→ **Work item**
When copying the data below, keep only the lines from the one with "Київ розчищають від" through the one with "2423 Cranden, Grand Rapids, MI 49506", word for word, and skip the pictures.

→ **The records**
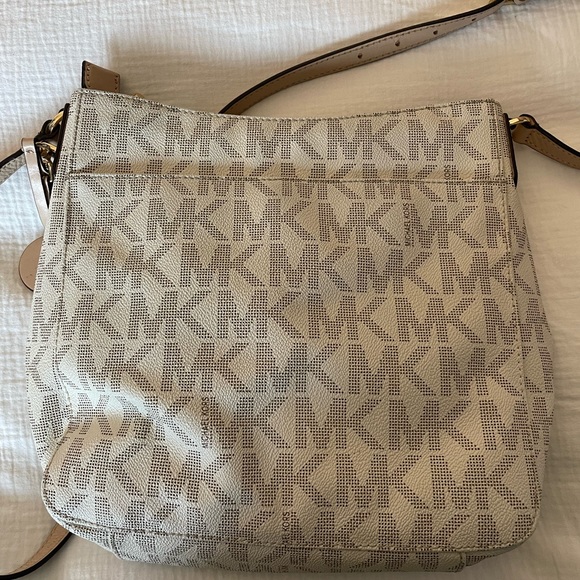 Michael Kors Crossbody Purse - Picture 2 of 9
---
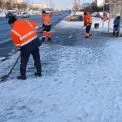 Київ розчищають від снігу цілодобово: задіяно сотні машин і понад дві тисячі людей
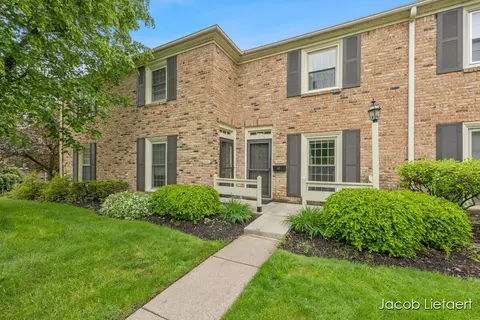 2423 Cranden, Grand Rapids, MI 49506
---
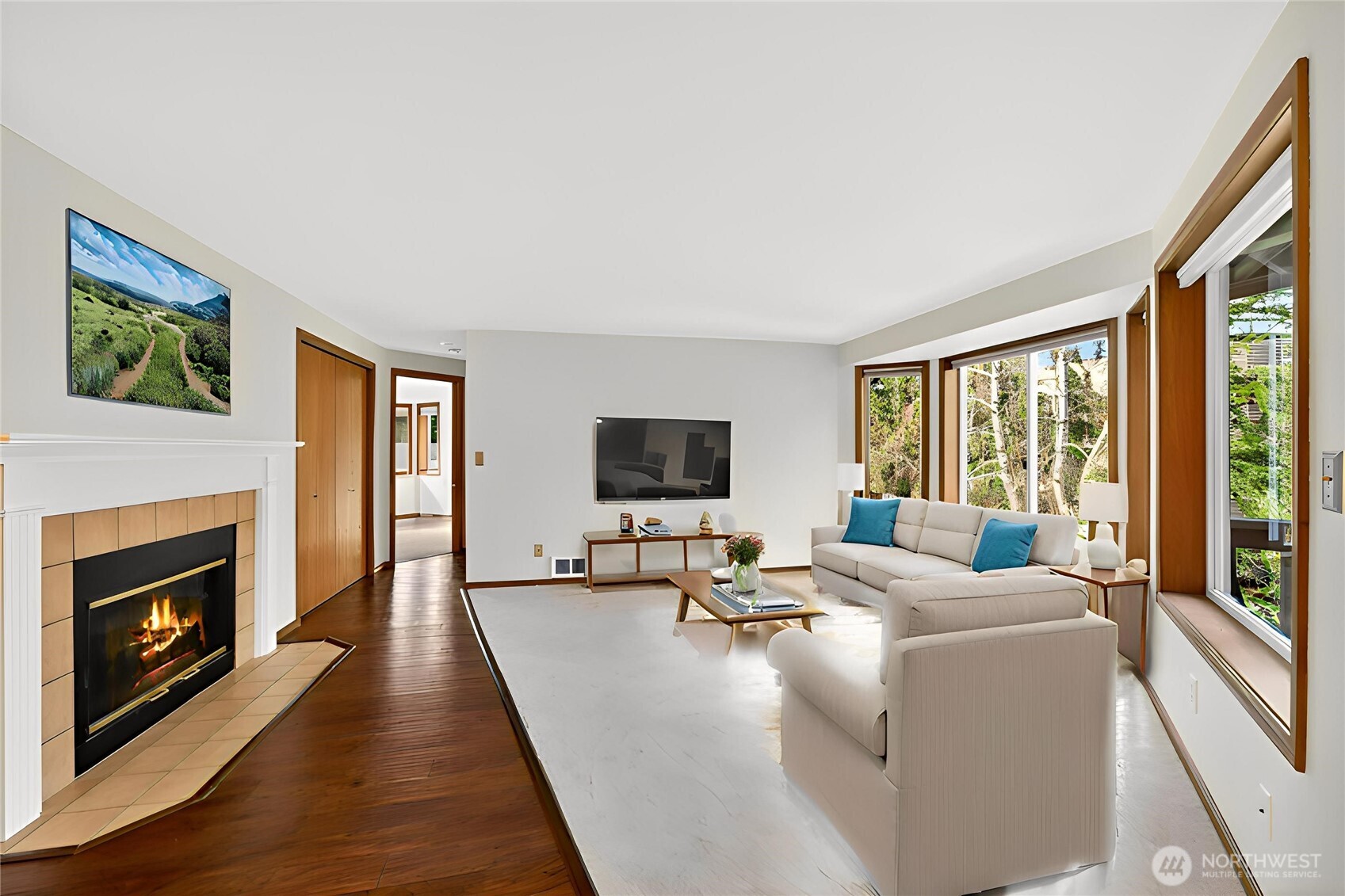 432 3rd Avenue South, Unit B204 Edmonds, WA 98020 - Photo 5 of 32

→ **Your response**
 Київ розчищають від снігу цілодобово: задіяно сотні машин і понад дві тисячі людей
 2423 Cranden, Grand Rapids, MI 49506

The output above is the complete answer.